Without the revenue bond program and the many men and women who were instrumental in championing the cause of historic preservation, the world of Mackinac as we know it wouldn’t exist. Picture Fort Mackinac before 1958, the year that saw the beginnings of quick change. The poor condition of the fort was described by Eugene T. Petersen in Inside Mackinac: “When I looked more closely, I realized how much modern use and neglect had changed things from military days: asphalt shingles, flaking paint, boarded-up fireplaces, plywood partitions…overhead wiring, cracked windows …and sagging linoleum-covered floors indicating rotten joists…”
The idea of historic restoration at Mackinac began during a November 1955 meeting involving Mackinac Island State Park commissioners and key leaders of the Michigan historic preservation community. Michigan Governor G. Mennen “Soapy” Williams, who summered on Mackinac Island and had a love for its rich history, spearheaded the effort by calling the meeting and planting the seed for an active restoration program at Mackinac in the minds of the commissioners. During the meeting, participants discussed the crumbling Clerks’ Quarters on Market Street and restoration of Fort Michilimackinac and sites in St. Ignace.

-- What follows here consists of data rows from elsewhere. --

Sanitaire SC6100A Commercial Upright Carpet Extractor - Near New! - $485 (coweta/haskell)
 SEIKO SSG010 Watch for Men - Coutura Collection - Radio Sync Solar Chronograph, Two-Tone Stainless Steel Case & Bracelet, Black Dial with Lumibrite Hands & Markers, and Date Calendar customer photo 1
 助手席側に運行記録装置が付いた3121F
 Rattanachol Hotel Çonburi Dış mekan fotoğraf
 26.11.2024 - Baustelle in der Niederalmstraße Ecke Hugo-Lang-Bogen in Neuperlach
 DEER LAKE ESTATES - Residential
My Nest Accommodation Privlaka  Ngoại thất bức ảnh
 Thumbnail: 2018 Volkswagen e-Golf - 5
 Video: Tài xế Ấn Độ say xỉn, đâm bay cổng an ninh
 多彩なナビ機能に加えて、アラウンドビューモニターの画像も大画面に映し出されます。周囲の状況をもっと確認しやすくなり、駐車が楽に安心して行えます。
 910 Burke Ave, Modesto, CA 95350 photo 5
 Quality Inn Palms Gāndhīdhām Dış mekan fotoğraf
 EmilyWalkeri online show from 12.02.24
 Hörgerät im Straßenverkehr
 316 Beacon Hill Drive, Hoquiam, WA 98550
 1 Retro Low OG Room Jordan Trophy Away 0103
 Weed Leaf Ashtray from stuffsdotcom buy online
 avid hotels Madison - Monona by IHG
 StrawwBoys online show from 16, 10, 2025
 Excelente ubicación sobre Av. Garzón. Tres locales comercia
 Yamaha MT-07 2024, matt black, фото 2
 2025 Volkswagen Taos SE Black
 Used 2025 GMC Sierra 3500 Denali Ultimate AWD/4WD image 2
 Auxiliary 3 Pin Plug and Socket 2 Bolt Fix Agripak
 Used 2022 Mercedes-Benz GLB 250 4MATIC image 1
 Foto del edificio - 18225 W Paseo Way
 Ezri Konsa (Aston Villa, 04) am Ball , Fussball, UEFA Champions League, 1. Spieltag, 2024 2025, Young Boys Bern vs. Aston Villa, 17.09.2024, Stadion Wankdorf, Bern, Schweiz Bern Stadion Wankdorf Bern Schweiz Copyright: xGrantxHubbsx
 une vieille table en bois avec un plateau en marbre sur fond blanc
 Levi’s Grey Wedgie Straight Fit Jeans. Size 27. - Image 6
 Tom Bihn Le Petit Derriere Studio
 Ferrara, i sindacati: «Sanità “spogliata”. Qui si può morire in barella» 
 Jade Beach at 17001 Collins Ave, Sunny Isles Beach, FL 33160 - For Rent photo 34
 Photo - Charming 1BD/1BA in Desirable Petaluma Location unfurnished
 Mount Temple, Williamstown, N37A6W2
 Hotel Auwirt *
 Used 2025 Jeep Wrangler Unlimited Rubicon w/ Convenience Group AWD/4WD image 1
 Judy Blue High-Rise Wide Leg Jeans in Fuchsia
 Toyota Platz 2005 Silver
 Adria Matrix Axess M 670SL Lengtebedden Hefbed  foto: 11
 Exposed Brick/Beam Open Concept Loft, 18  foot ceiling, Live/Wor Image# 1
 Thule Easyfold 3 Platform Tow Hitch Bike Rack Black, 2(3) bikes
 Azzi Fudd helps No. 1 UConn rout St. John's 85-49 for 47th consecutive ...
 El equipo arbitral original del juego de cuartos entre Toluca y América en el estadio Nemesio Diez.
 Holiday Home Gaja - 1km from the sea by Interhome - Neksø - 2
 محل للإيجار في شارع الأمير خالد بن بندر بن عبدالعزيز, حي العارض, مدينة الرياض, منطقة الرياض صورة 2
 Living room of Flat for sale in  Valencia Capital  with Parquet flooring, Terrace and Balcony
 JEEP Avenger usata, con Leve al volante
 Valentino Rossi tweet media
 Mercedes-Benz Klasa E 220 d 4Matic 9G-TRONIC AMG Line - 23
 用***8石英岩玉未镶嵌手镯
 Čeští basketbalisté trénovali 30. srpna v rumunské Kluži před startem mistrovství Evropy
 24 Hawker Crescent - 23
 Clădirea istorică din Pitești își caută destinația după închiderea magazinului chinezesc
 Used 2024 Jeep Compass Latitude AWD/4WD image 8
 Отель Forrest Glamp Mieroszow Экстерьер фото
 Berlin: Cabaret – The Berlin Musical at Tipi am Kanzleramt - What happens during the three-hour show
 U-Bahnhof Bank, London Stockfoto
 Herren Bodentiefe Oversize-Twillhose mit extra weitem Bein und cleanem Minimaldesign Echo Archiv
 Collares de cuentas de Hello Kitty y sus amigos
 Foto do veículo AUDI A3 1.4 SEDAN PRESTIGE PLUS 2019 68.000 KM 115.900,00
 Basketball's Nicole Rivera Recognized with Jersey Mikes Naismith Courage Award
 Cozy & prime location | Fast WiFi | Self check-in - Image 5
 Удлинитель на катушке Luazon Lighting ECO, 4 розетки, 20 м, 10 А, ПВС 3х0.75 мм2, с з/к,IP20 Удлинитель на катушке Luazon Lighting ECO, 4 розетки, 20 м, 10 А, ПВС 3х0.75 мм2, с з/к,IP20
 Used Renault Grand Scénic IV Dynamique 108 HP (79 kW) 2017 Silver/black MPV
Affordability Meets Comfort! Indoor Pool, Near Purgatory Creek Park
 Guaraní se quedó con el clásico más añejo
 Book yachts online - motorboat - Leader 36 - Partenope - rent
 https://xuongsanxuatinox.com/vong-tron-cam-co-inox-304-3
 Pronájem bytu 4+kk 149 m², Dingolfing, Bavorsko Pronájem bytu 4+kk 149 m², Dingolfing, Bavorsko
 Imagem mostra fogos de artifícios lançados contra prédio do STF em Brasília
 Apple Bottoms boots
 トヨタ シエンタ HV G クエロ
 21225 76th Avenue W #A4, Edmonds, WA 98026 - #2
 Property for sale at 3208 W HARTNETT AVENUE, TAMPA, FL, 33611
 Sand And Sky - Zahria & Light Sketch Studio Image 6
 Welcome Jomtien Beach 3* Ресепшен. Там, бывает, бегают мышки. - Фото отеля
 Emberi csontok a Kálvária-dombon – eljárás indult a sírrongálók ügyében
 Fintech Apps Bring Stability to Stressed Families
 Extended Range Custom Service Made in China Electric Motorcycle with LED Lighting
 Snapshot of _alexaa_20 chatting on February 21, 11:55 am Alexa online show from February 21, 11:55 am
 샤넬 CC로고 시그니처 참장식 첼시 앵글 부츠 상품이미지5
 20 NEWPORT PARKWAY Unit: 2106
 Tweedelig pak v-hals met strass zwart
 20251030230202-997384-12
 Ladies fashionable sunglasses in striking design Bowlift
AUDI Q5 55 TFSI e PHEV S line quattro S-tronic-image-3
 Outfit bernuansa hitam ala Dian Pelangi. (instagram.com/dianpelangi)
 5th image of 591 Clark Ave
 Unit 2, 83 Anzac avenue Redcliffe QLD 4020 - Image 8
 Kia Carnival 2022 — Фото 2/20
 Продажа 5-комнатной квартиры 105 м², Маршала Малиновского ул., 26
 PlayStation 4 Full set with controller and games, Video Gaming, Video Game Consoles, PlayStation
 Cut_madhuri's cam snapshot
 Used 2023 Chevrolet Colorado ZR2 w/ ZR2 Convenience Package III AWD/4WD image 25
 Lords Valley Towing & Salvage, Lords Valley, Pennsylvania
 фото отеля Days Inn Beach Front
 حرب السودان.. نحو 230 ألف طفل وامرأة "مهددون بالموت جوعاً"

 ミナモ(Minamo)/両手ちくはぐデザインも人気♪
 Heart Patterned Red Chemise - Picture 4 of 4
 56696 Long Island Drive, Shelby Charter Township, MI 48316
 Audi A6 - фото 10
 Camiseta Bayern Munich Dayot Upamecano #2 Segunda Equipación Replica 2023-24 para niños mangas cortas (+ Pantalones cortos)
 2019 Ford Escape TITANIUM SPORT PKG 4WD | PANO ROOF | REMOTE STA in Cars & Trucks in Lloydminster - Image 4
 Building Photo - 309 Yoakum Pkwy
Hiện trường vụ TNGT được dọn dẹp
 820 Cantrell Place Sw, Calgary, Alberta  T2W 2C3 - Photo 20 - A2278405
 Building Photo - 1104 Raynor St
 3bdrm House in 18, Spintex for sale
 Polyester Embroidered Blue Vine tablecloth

Although the group agreed to meet again, it never did. But the idea had been planted, and during the summer of 1957 the Michigan Historical Commission met on Mackinac Island at Williams’ request to discuss historical restoration. On that same date, Williams paid a middle-of-the-night visit to Republican W. Stewart Woodfill, owner and operator of the Grand Hotel. A native of Indiana, Woodfill first came to Mackinac Island 30 years earlier to escape hay fever. A graduate of Bowdoin College, he worked as a desk clerk at the Grand Hotel, invested his money in it and became a partner, sold it just before the 1920s stock market crash, and then bought it back in 1933 from its distressed owners.
Williams’ agenda was to appoint Woodfill to the seven-member Mackinac Island State Park Commission (MISPC) in order to promote historic restoration. It hadn’t been an appointment Woodfill sought. As written by Peterson in Inside Mackinac, “Successful businessmen on Mackinac Island made decisions and spent money quickly because the season is short. In government, however, the budget process at best takes two years....”
Despite this, Woodfill accepted the challenge, but with conditions. He would become chairman of the commission, and he would be fully supported by the governor. On August 12, 1957, Woodfill was unanimously elected as chairman of the commission. Williams’ word had been gold. Financing was now Woodfill’s biggest challenge, and he turned to revenue bonds.
“Woodfill…knew that several hundred thousand visitors come to Mackinac each year…” wrote David A. Armour in 100 Years At Mackinac. “If the fort were cleaned up and filled with interesting exhibits and displays, Woodfill reasoned, people would be willing to pay a modest fee to visit there….”
In late 1957, Woodfill went back to the legislature with a bill written by his own attorney, and it was introduced as Bill 201. By early 1958, Williams signed the bill into law. The revenue bond program for Mackinac State Historic Parks was born. The commission voted an initial bond issue of $125,000, but Woodfill sought a more modest beginning, and arranged for the sale of only $50,000.
True to his nature, Woodfill was a businessman. He realized that, with the opening of Fort Mackinac set for June, the money from the bonds wouldn’t be available in time. Woodfill decided to loan the needed money out of his own pocket. He wrote in a letter to the Commission, dated April 28, 1958, “Any funds that I may advance or loan to the Commission…which for any reason can not be repaid to me…is to be considered by me…as a gift or donation to your Commission.”
Woodfill believed the program would succeed, and he was right. The revenue collected during that first summer, with tickets to Fort Mackinac priced at 50 cents for adults and 25 cents for children, generated $54,119 in revenue, exceeding the amount issued in bonds.
In the words of Woodfill as quoted in Mackinac In Restoration by Eugene T. Petersen, “We have found an oil well which can pump funds into historical development at Mackinac indefinitely.”